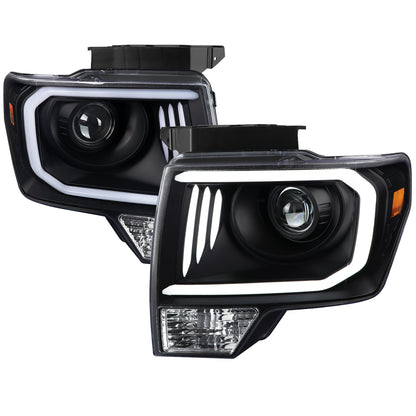 2009-2014 Ford F-150 LED C-Bar Projector Headlights (Matte Black Housing/Clear Lens)
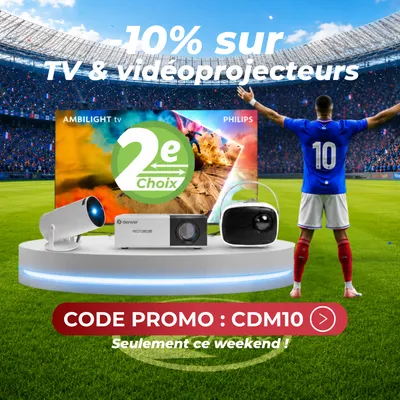 Soccer stadium promo: 10% off TVs and projectors with code CDM10. Features Ambilight TV, projectors, and a soccer player.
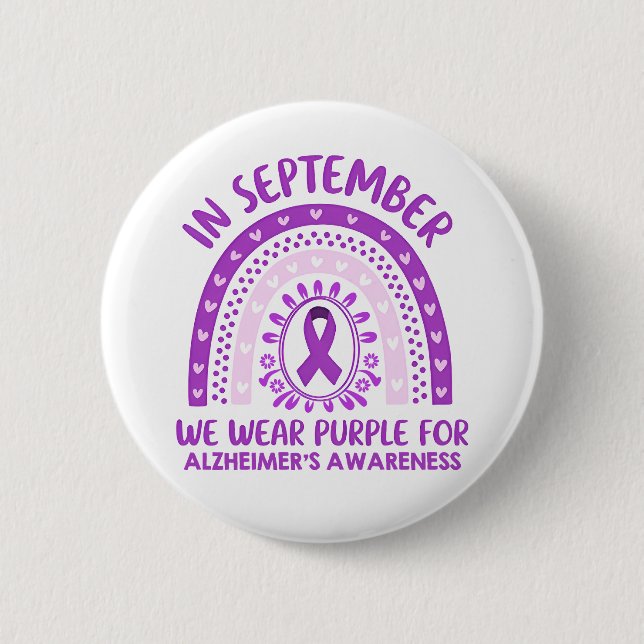 Alzheimer's Disease Awareness Purple Ribbon 6 Cm Round Badge (Front)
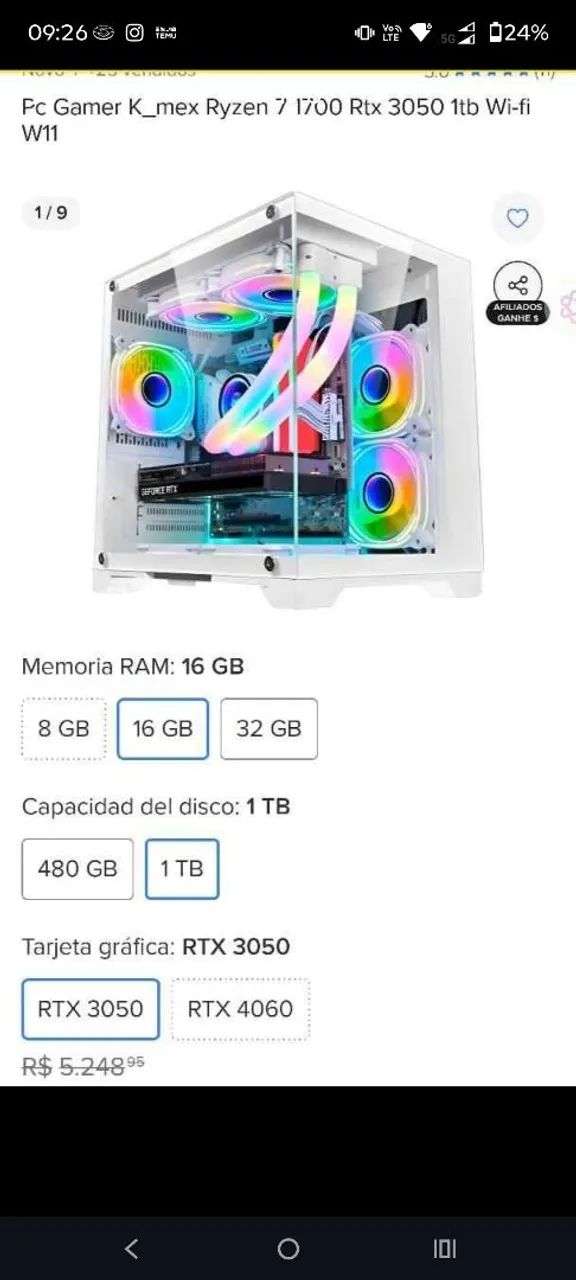 PC gamer ryzer 7 placa rtx 3050 - Foto 2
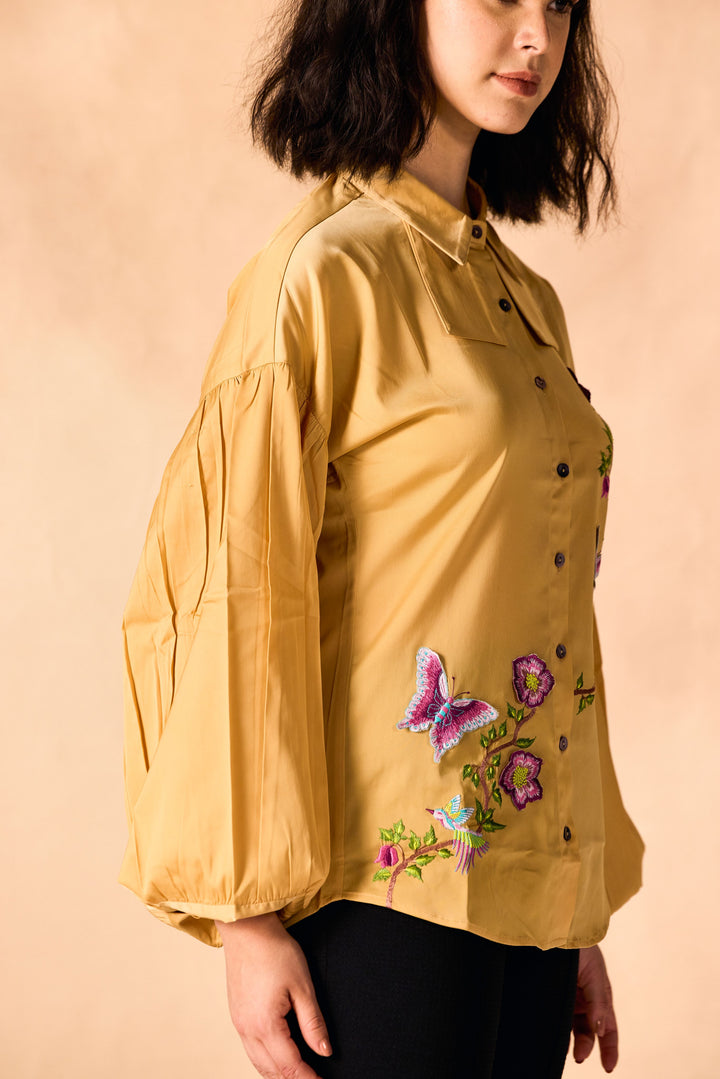 Floral Vine and Butterfly 3D Embroidered Shirt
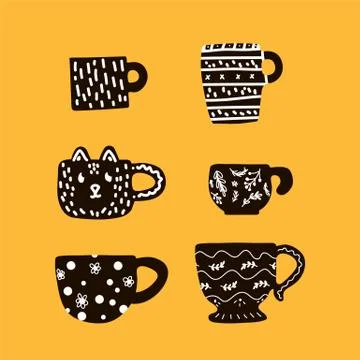 Cartoon dishes cups with an abstract pattern. Hand-drawn texture of a set of Stock Illustration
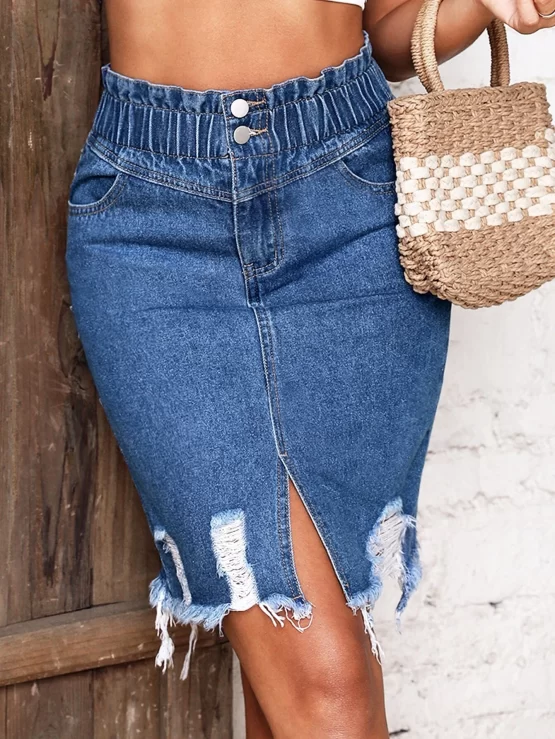 Paperbag Waist Ripped Raw Cut Split Hem Denim Skirt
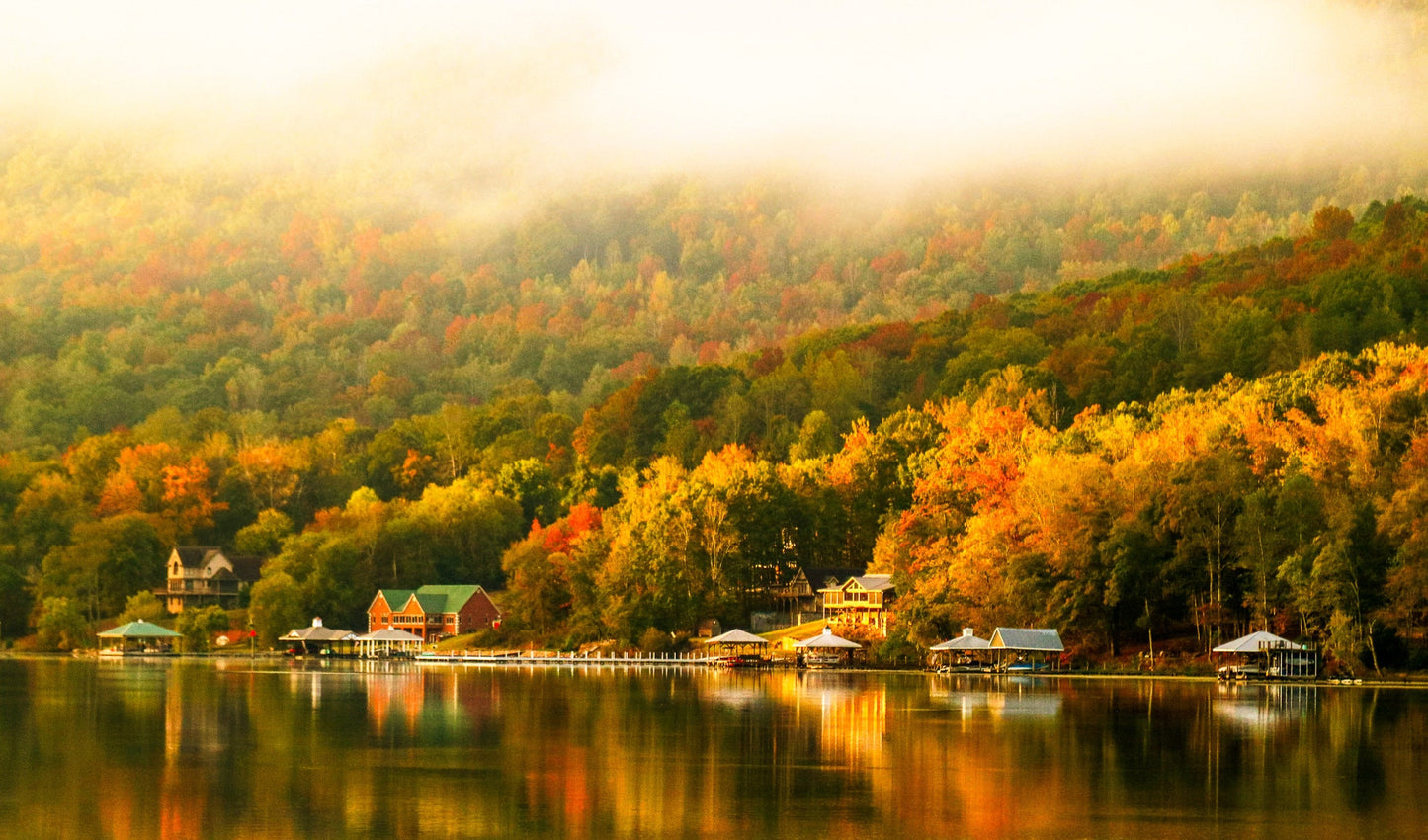 Fall morning on the Tennessee fall colors tenessee river mountain canvas print landscape riverfront photograh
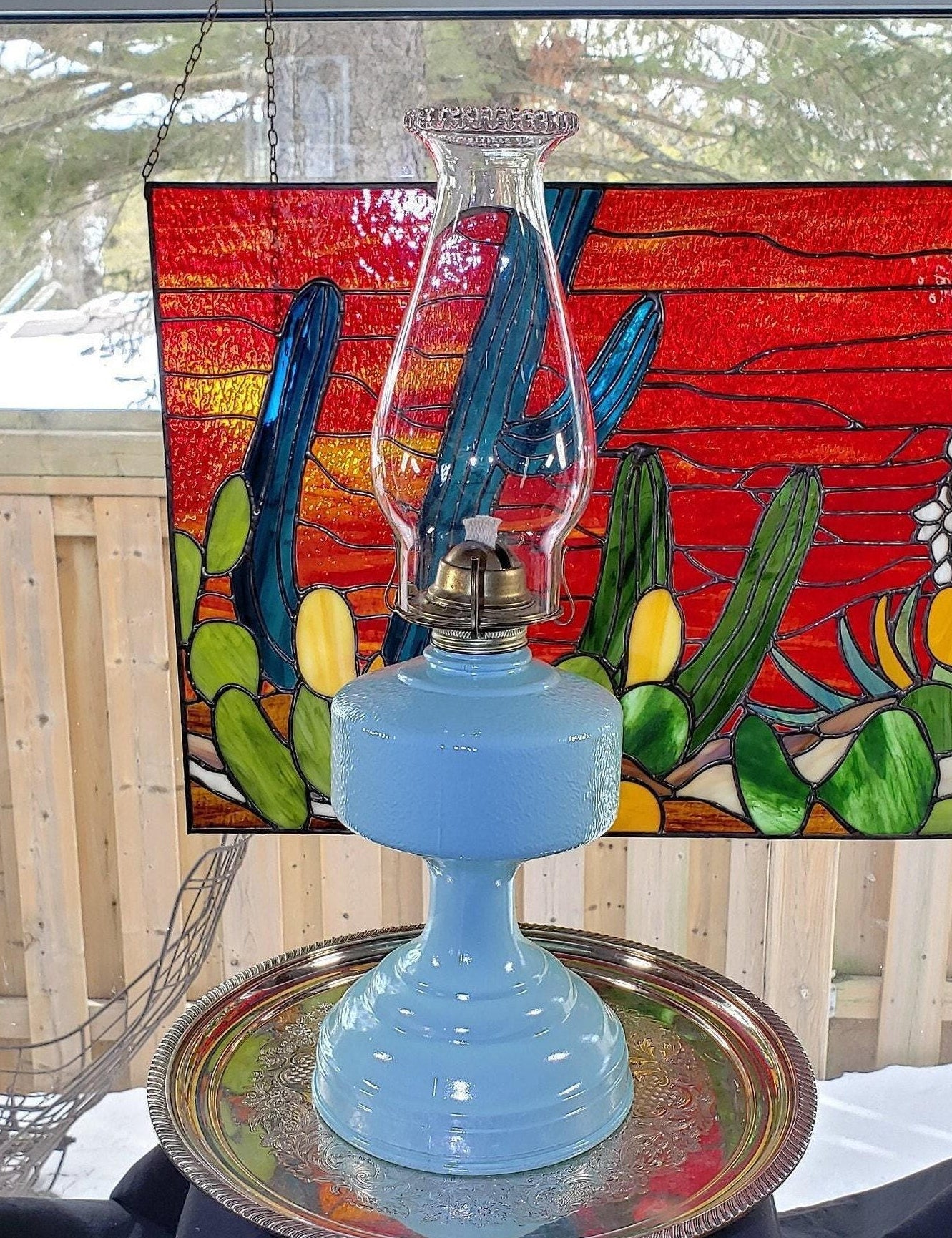 Glass Oil Lamp, Blue Ocean Breeze Painted (Mid-Century)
· · · · ·
Working from the line that contains "Fall morning on" to the last line of the listing, please quote each line exactly, pictures excluded.

 Fall morning on the Tennessee fall colors tenessee river mountain canvas print landscape riverfront photograh
 Glass Oil Lamp, Blue Ocean Breeze Painted (Mid-Century)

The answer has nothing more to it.